Souvenirs écran.

https://youtu.be/hLkddqouuCI

—Le temps existe et en même temps il n’existe pas. C’est ce que me confie Maria lorsque je lui parle de mes rêves récurrents. En général je n’en parle jamais, mais cette fois je ne sais pourquoi, je trouvai opportun d’associer le rêve à la notion de temps, à la mémoire.

Ce qui est étrange c’est la façon dont je répète le même récit, la même histoire toujours en éprouvant les mêmes sensations.

Si le temps n’existe pas comment se fait-il que je puisse me souvenir de quoique ce soit, et surtout de ces rêves ?

— C’est parce que tu es dans une simulation, me dit Maria. Exactement comme un personnage dans un jeu vidéo. Tout est déjà programmé à l’avance, tous tes comportements, tous tes choix, déclenchent une version particulière du jeu. Et, pour résumer, c’est toi à l’origine qui a programmé toutes ces versions dans un but précis.

—Donc c’est une histoire achevée d’avance ? Nous serions prisonniers d’un destin que nous aurions conçu nous-mêmes ?

— Oui et non. c’est plus compliqué que ça. Car toutes ces histoires se déroulent dans un temps imparti, un temps achevé. Or on peut toujours intervenir pour modifier ces histoires si je puis dire dans l’instant présent.

— Mais si tu dis que toutes les versions du jeu sont déjà prévues, le fait de modifier quoique ce soit dans l’instant présent n’est-il pas lui aussi un acte prémédité.

— Ce qu’il faut que tu comprennes c’est que l’instant présent contient tous les possibles mais aussi l’impossible. Le temps linéaire tel que tu le conçois est un élément parmi d’autres de l’instant présent dans une dimension particulière, dans une fréquence particulière.

De plus à chaque fois que ton âme décide de se réincarner sur Terre, dans cette fréquence que l’on peut considérer comme une des plus basses de cet univers , une dimension où la densité est très lourde, tu dois traverser le voile de l’oubli.

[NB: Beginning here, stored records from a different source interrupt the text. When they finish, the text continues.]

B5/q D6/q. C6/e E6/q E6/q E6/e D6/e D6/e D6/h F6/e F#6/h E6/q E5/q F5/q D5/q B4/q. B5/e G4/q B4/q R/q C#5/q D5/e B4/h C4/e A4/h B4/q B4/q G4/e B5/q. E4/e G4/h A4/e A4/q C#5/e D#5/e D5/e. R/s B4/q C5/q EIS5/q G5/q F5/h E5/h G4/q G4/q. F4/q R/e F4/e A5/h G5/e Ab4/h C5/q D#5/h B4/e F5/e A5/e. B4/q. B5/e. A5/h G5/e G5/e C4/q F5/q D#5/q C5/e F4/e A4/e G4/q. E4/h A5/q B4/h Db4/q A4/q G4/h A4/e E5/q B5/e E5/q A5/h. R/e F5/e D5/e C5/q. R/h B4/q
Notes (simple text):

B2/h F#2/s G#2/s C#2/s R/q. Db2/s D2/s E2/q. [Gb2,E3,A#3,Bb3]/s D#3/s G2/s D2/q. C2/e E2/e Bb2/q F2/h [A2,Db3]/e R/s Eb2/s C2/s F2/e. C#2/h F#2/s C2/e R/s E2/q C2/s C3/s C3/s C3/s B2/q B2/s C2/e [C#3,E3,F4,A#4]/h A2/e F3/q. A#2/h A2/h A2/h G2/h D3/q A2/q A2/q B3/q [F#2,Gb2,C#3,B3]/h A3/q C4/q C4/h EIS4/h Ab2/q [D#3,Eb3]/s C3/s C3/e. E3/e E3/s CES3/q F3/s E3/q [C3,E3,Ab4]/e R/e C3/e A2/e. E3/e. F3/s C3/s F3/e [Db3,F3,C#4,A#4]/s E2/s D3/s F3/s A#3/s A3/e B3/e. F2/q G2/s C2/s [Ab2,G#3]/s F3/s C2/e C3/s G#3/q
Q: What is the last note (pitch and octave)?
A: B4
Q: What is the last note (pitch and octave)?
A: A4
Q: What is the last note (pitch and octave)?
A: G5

Mais aujourd’hui les choses sont en train de changer. La planète change de taux vibratoire peu à peu et tout ses habitants également par conséquent.

Il faut que tu comprennes que la Terre est un merveilleux champs d’expériences pour de nombreuses âmes, de nombreuses entités provenant de mondes très différents.

C’est pratiquement l’un des seuls endroits dans tout l’univers où la dualité existe, où la matière qui est une fréquence particulière de l’esprit peut proposer des expériences qu’on ne trouve pratiquement nulle part ailleurs avec une telle intensité.

— Tu veux dire que dans tout l’univers il n’y a pas de dualité à part ici. Mais alors comment est-il possible qu’il y ait ces entités involutives, ces fameux reptiliens ?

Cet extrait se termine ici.